Hiding MySQL credentials in a C# app

Question

I am extending an open-source VoIP softphone application (written in C#/.NET) to my needs but don't know how to best approach this issue. I want the application to connect to database when a user enters his email address to log in, and perform a SQL query to fetch his account number using that email and authenticate with account number. But, I think including my MySQL connection credentials (host, username, database) is insecure? How should I do it?

Answer 1

It is indeed insecure.

You need software running on the server, that can accept said email and password as input and connect to your database (so the connection string is sitting on a machine in your control), check it and return either ACCEPTED or DENIED to the client. In your case, ACCEPTED could be just the account number you mention.

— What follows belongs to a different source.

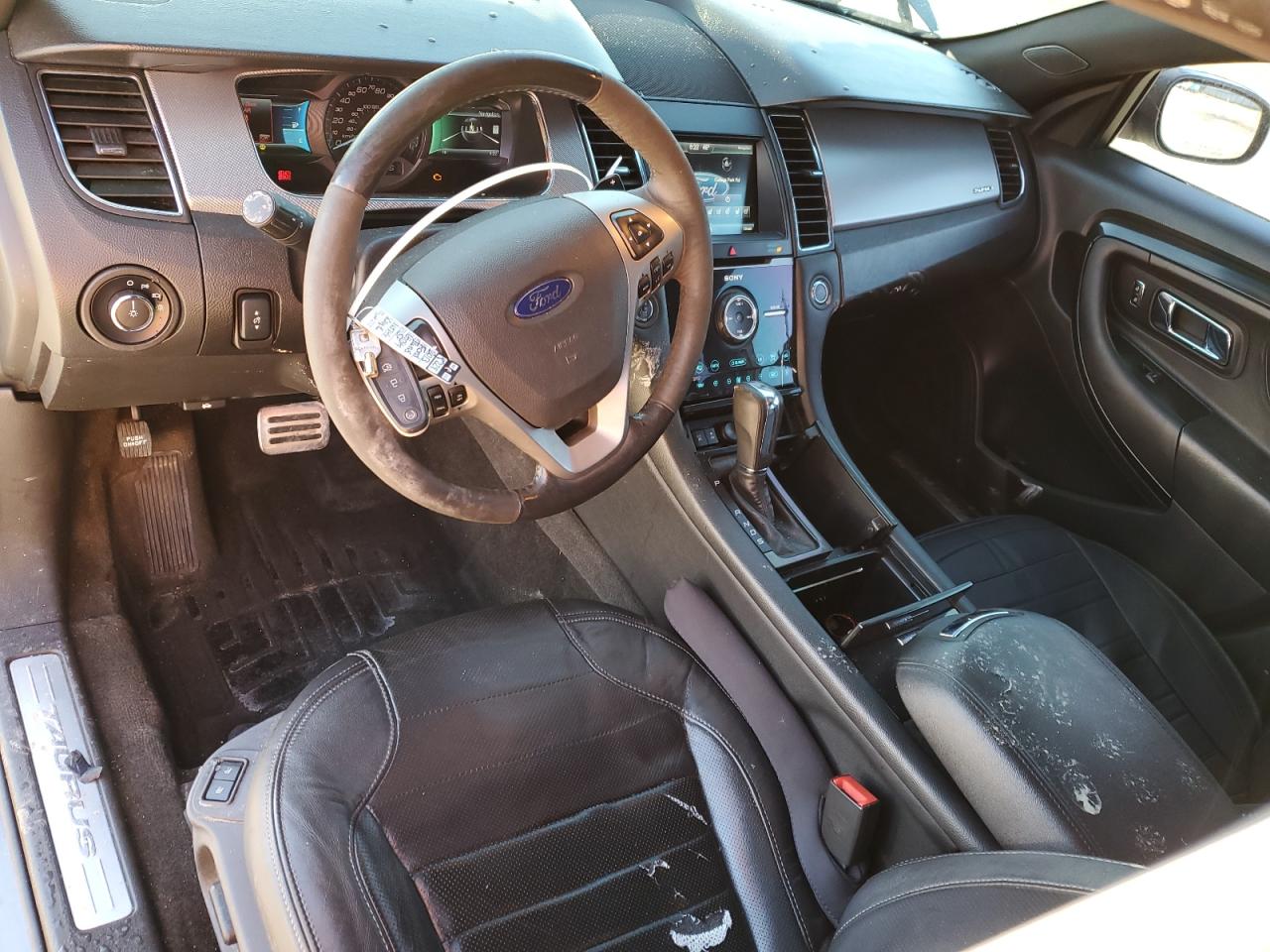2013 Ford Taurus - Image 8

Bonus points if the email and password are transmitted from client to server app over an encrypted link (public key).

Answer 2

You should host a (php/jsp/asp) script at your server with which your application will talk. you should not store your credentials inside the app at any cost.

Tthere are so many ways to just take out the information. Especially .NET applications. it doesn't takes more that 30 mins :p

Answer 3

Our rule of thumb when designing database applications is to always use delegation and isolation.

What isolation means is that we isolate database interaction from the end user application through the use of services (i.e. web services, wcf, .net remoting, etc). In this way, the database is never directly exposed to the user.

What delegation means is that the database access is always performed on behalf of the end user by a well-known, limited-access database user (generally the user that the service is running as). If at all possible, the database access should be performed by a user authenticated by the network rather than by storing user names and passwords in connection strings or other semi-secure locations.

Finally, one important note: you should always encrypt your end-user's login and password information before sending it over the wire. This is a little extra work, but well worth it from a security perspective.

Answer 4

There are many ways to do it, including obfuscation and other ways making it difficult to use outside of the application, but not impossible to retrieve/use.

How should you do it? The best way (as far as I know) is to give the account the minimum credentials necessary so that if someone does have the username and password he/she cannot do anything malicious with it. Permissions can be set up in many ways for user-specific data, such as views so a user can only access the correct rows. Basically, if security is a top concern, assign permissions conservatively and if necessary give different users different credentials.

Answer 5

You could code your connection strings so that they end up in your assembly and use a code obfuscator to protect it from disassemblers

Answer 6

You should put the connection strings into a configuration file and then encrypt that portion of the file. There's a tutorial on how to do that here: Protecting Connection Strings and Other Configuration Information. Although the tutorial is for ASP.NET, the same principle will apply to pretty much any .NET config file.

There's also a similar question here: Encrypting passwords in WinForms app.config, .NET.

Answer 7

Can MySQL do Windows based authentication (i.e. on a domain)? If so, you could use that. Otherwise you might want to have credentials to a service, or use encryption, but you would need to include the encryption key so anyone dedicated to discovering it would.